Lithium brine

Subsurface saline waters with dissolved lithium concentrations high enough to be economically recoverable, typically found in closed-basin salars in the high Andes and similar arid evaporite environments.

What it is

Lithium brines are naturally-occurring subsurface saline waters with dissolved lithium concentrations typically in the range of 100-1,500 mg/L Li (milligrams per litre). Economic brines today are generally above 200-300 mg/L, though the threshold moves with lithium prices and with the efficiency of extraction technology.
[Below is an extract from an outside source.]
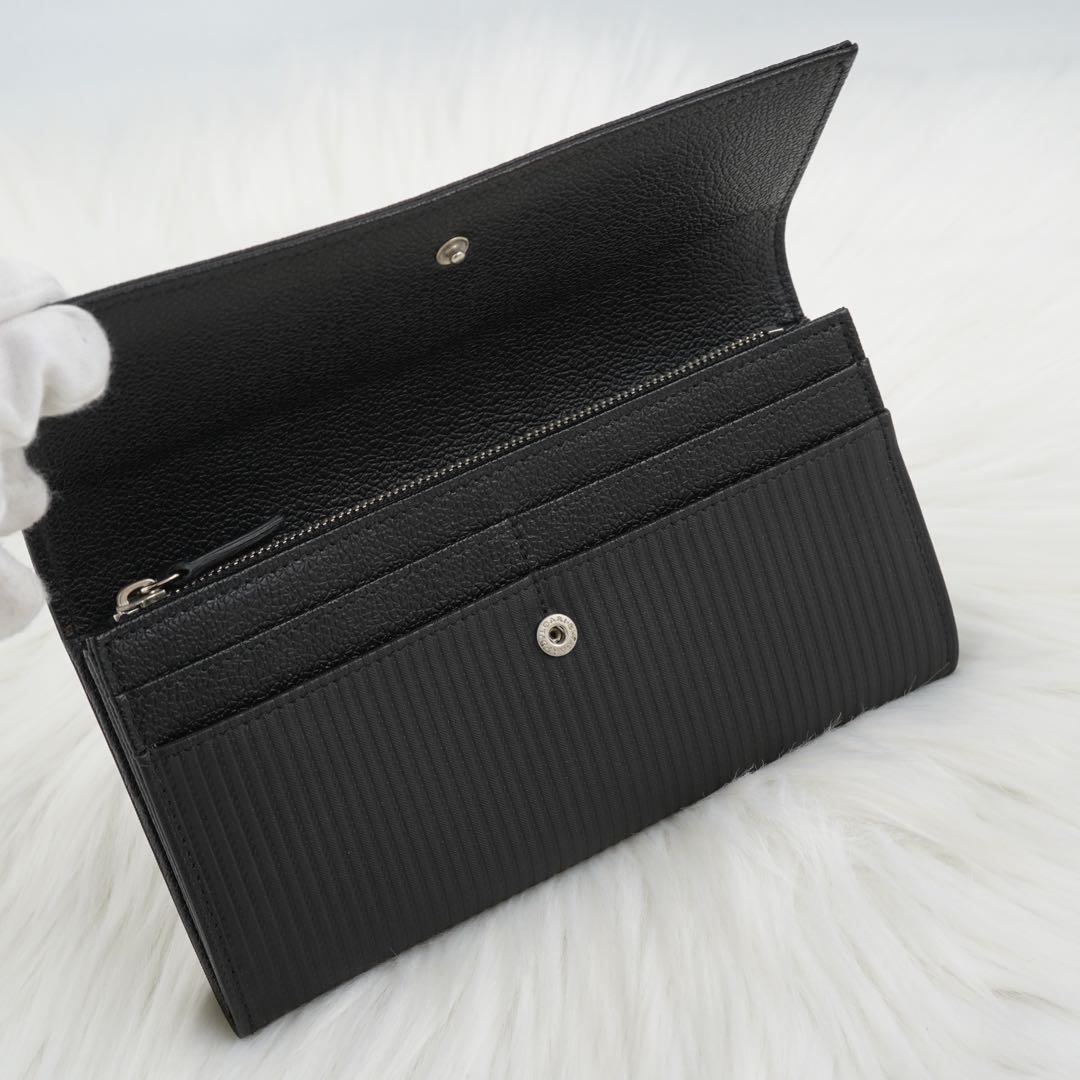 未使用品　BVLGARI ブルガリ　長財布　ロゴプレート　ミレリゲ　ブラック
The largest lithium brine resources are in the Lithium Triangle — the region spanning parts of Chile (Salar de Atacama, Salar de Maricunga), Argentina (Salar del Hombre Muerto, Olaroz, Rincon, and dozens of others), and Bolivia (Salar de Uyuni, Coipasa). Additional brine resources occur in Nevada (Clayton Valley), China (Qaidam Basin), and Tibet.

Why it matters

Brine operations supply roughly half of global lithium production today, typically at lower operating costs than hard-rock (spodumene) operations once the facility is built. However, the development cycle for a brine project is long — 10+ years from discovery to first production is typical — and the water-intensive traditional extraction process (evaporation ponds) has drawn increasing community and environmental scrutiny.

The shift toward Direct Lithium Extraction (DLE)

Newer DLE technologies process brine through ion-exchange, adsorption, or membrane systems that recover lithium in hours rather than months and return most of the water to the aquifer. DLE is expected to be the dominant extraction method for new brine projects over the next decade, but it places a greater premium on brine-grade consistency — which makes pre-drill concentration mapping particularly valuable for siting DLE pilot plants.